Last Rights (streaming, Academic Video Online)
Who decides how life ends? The patient? The family? The physician? The health care system? This is a compelling and deeply personal exploration of four families and their terminally-ill loved ones as they face death. It brings up a multitude of issues implicit in the individuals’ option to hasten death when the dying process makes life unendurable.

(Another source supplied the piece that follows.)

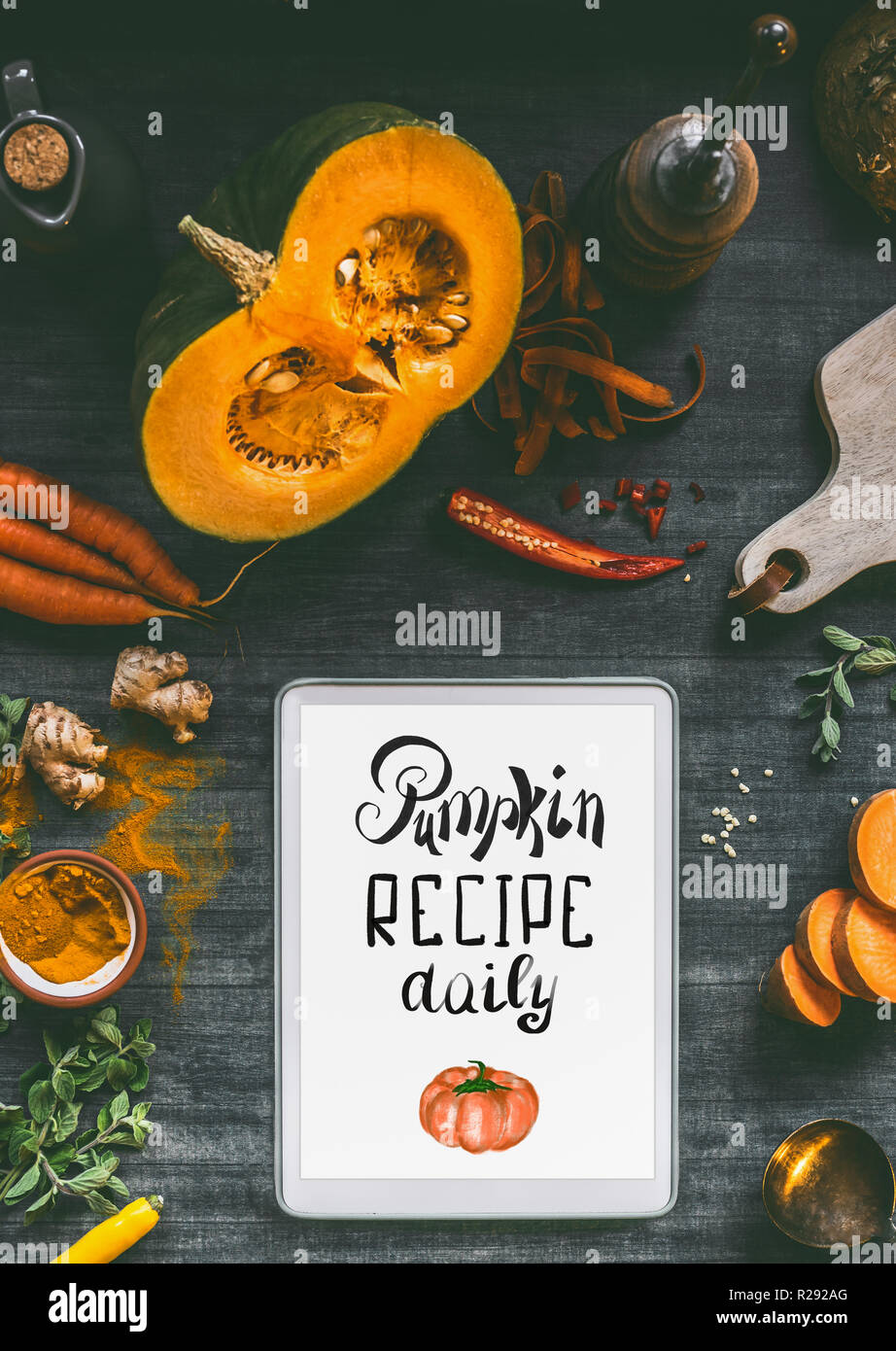 Tablet pc with text lettering: Pumpkin recipe daily. Orange cooking ingredients: sweet potato, carrots, turmeric powder,chili and ginger for tasty cui Stock Photo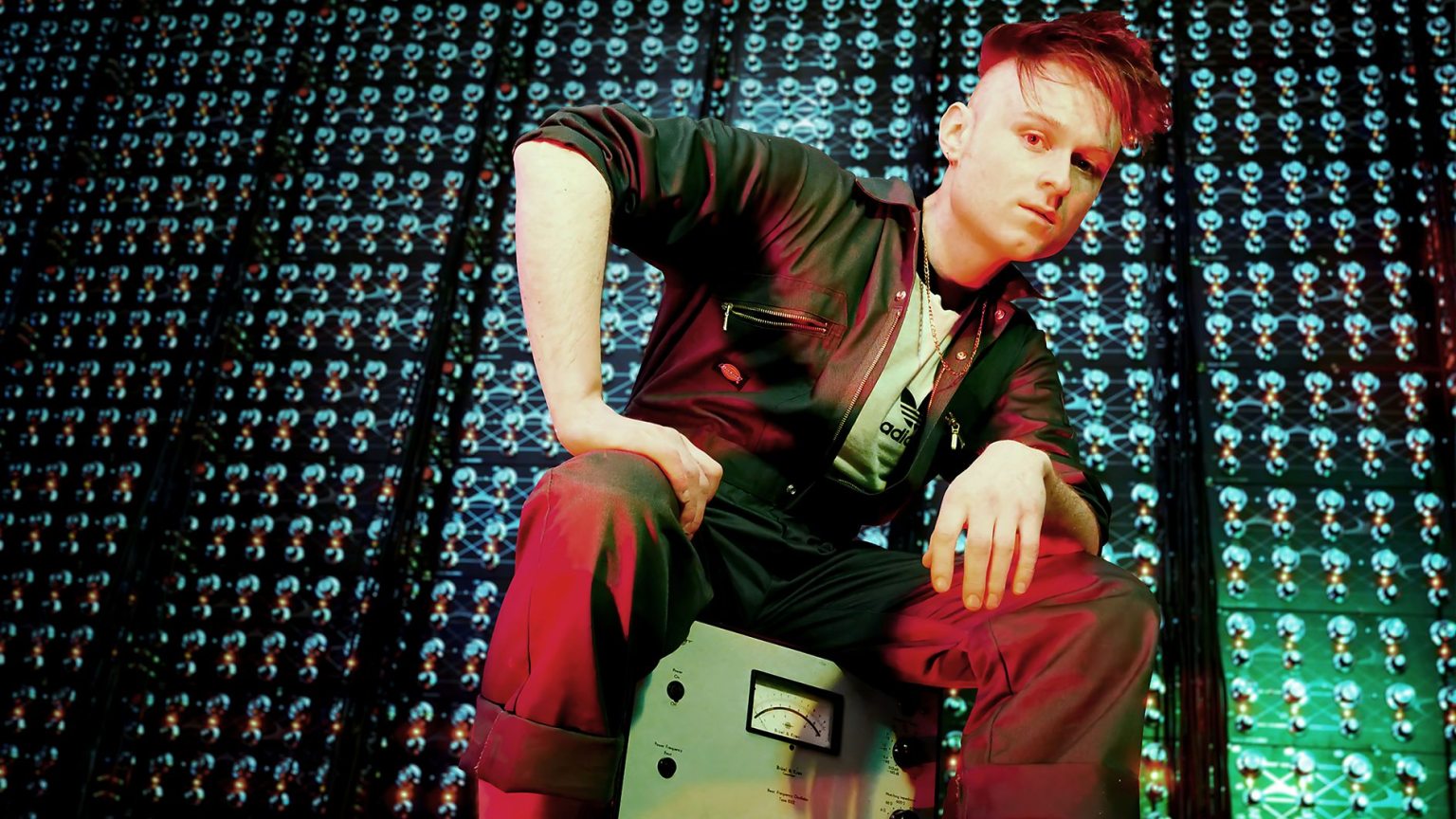 LOOK MUM NO COMPUTER sitting on vintage electronic equipment in a studio filled with illuminated components, photographed ahead of representing the UK at Eurovision 2026.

Last Rights explores medical, ethical, and political issues. We meet Scott Nelson, a physician in the Mississippi Delta whose father, Elbert Nelson, was diagnosed with kidney cancer; Julie McMurchie from Oregon whose mother, Peggy Sutherland, was just beginning to enjoy her life after divorce when lung cancer overtook her; Lennie Gladstone of the Washington, DC area whose beloved husband, Doug Gladstone, was diagnosed with liver cancer; and Carol Poenisch of Michigan who tells about her mother, Merian Frederick, whose body was atrophying with Lou Gehrig’s disease and who had lost the power to speak. For guidance the patients turned to clergy, medical professionals and legal authorities. Several nationally-known spokespeople with diverse points of view appear in the film: Derek Humphry (Final Exit); J. Wesley Smith ( Forced Exit ); and Barbara Coombs Lee of Compassion & Choices. In addition we become acquainted with Reverend Kenneth Phifer who stood by Merian and her family when she decided to take control of her death. The film also includes newsreels of Jack Kevorkian who ultimately helped Merian Frederick die; We are also given a brief history of the hospice movement and its founder Sister Cicely Saunders’ commitment to palliative care.